# salmon,tuna and cod W/Qview.



## nwbhoss (Jan 11, 2010)

So I had some salmon the mother in law wanted me to smoke for her and it was only a few small pieces so I decided to add to it. I had a bunch of tuna left over from my last trip out of Garibaldi (Oregon coast) and a while I was at it I decided to throw on a cod fillet from a trip I made to Alaska with my grandfather.

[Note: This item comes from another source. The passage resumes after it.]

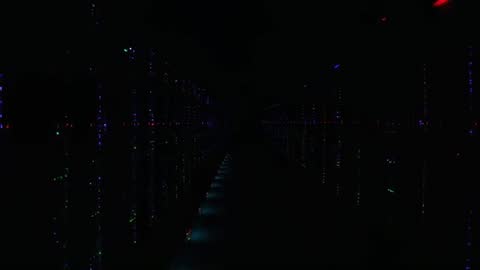 Pulsing Server Rack LEDs Showing System Heartbeat in Dark Datacenter Aisle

I used my normal brown sugar brine for all of them and I am amazed at how good the cod turned out!!!!!!!! I was worried it would get soft and fall apart but it was great!!! I did them all at about 125* for the first couple hours with Alder and apple smoke and then turned up the heat to 140* for another hour and finished them at 160* for the last hour.

Here are the pictures

Just starting the brine




after a couple hours soak


Ready to wash and add pepper



First the salmon


Now the tuna (this is Ahi from a friend)


Here is the Albacore I caught off the Oregon coast


and the Alaska cod


Everything in the smoker 
	

	
	
		
		



		
			







After some TBS


and the finished product!!!!!!


I am very happy how the tuna and cod came out!!! I will definately do more this way!!!


----------



## langemr (Jan 11, 2010)

I love fish and that looks damn tasty!  Nice work there.  I'll take the tuna


----------



## salmonclubber (Jan 12, 2010)

You just made me hungry and i just ate a plate full of spagetti nice job


----------



## nwbhoss (Jan 12, 2010)

Coming from a fellow fisherman from Washington that is quite a compliment 
	

	
	
		
		



		
		
	


	





 Thank you!!!!!!!!!!


----------



## nwdave (Jan 12, 2010)

You might want to save some of that for Feb 20th, hint, hint.


----------



## smokin-jim (Jan 12, 2010)

Excellent job. I bet they taste great. I missed something though, what is Feb 20th?


----------



## bbally (Jan 12, 2010)

very nice...


----------



## treegje (Jan 12, 2010)

Looks great, wish I was there to help put some of that away.


----------



## twistertail (Jan 12, 2010)

Can you tell me how you do your brine?  I see the dry ingredients in the first 2 pictures and then it looks like you added liquid to it?  Do you dredge the fish in the dry mix first then add water to the bowl?


----------



## nwbhoss (Jan 12, 2010)

Here is the recipe for the salmon 
	

	
	
		
		



		
		
	


	





  The juice you see created by the fish itself sitting in the brown sugar. No liquid is added


1 cup canning salt
7 cups brown sugar
3 Tbsp onion powder
3 Tbsp garlic powder
1 1/2 Tbsp black pepper


Let er soak in the rub for 12 hours, then move the bottom meat to the top and vice versa to get the other half of the meat into the juice created.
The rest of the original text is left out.